Binary Parsing in PowerShell
BinShred is a simple binary parsing engine for PowerShell that leverages a custom .bst ("BinShred Template") syntax to drive this parsing.
A quick demonstration of this approach:
Consider a simple example of the following binary content:
PS C:\> Format-Hex words.bin
Path: C:\words.bin
00 01 02 03 04 05 06 07 08 09 0A 0B 0C 0D 0E 0F
00000000 4C 48 02 00 00 00 05 00 00 00 48 65 6C 6C 6F 05 LH........Hello.
00000010 00 00 00 57 6F 72 6C 64 ...World
From either documentation or investigation, we've determined that the file
format has two main portions: a header, followed by a list of words. The
header itself has 2 bytes in ASCII as the magic signature, followed by an
integer representing the number count of the number of words. After that,
each word entry has an integer representing the word length, followed by a
word (of that length) in UTF8.
A BinShred Template (.bst) for this file looks like this:
header :
magic (2 bytes as ASCII)
wordCount (4 bytes as UINT32)
words (wordCount items);
words :
wordLength (4 bytes as UINT32)
word (wordLength bytes as UTF8);
Regions are identified as words followed by a colon. Within a region, you
identify properties by writing their property names followed by the length
and data type of that property. A semicolon identifies the end of a region.

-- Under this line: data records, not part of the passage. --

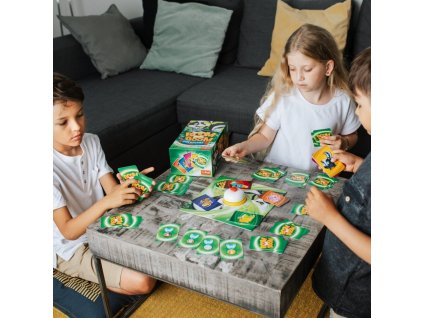 Karetní hra Boom Boom – Smraďoši Trefl 01910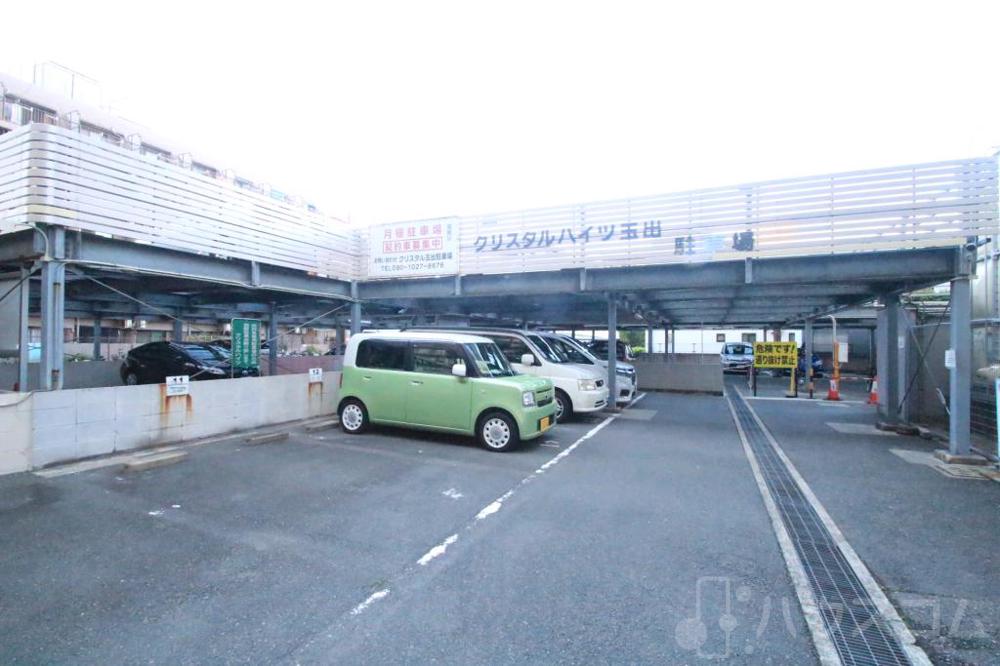 3/5 駐車場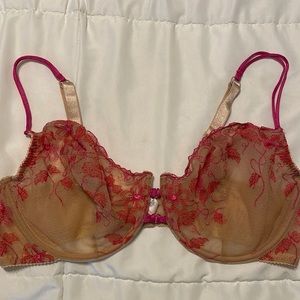 Victoria’s Secret Bra lingerie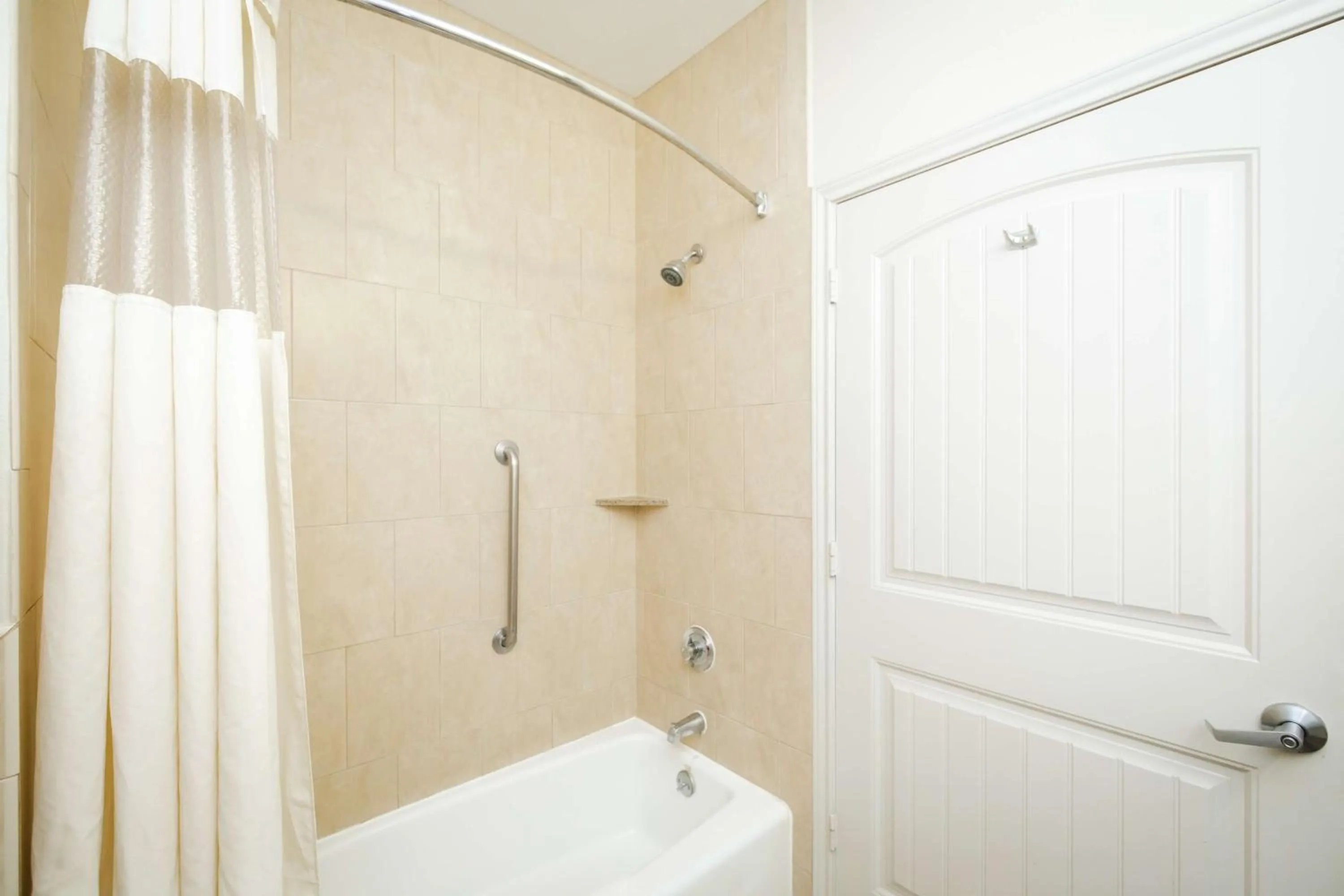 Bathroom in Best Western Sugarland Inn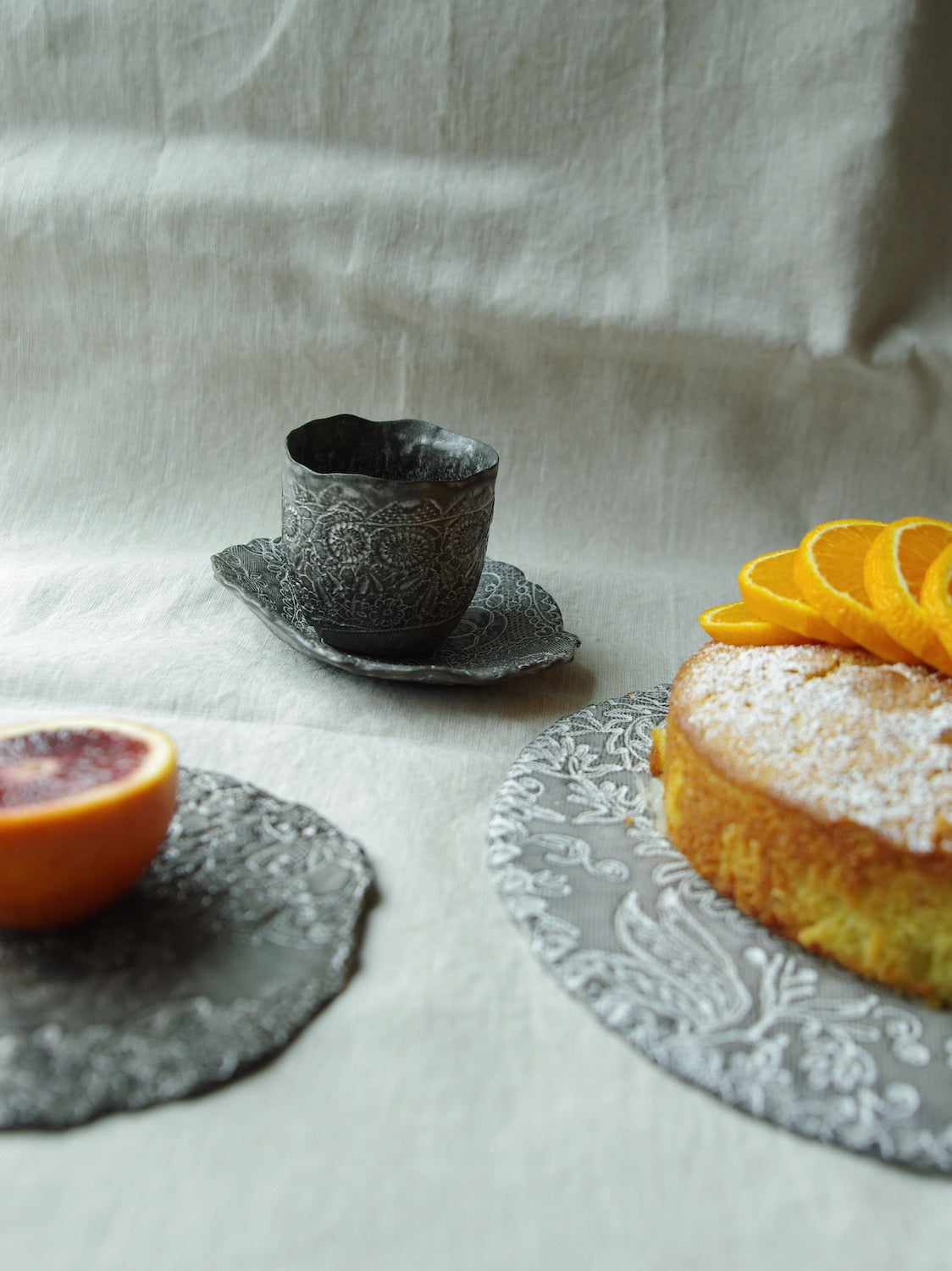 Lace pattern ceramic tableware serving fruit and cake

When you supply this template to the ConvertFrom-BinaryData cmdlet, the resulting
object represents the data structures contained in that binary file as
objects.
PS > binshred -Path .\words.bin -TemplatePath .\wordParser.bst
Name Value
---- -----
magic LH
wordCount 2
words (...)
PS > (binshred -Path .\words.bin -TemplatePath .\wordParser.bst).Words[0]
Name Value
---- -----
wordLength 5
word Hello
For more detailed information, see about_binshred.txt.
For complicated data structures, be sure to investigate Kaitai Struct, which is much more fully featured and robust.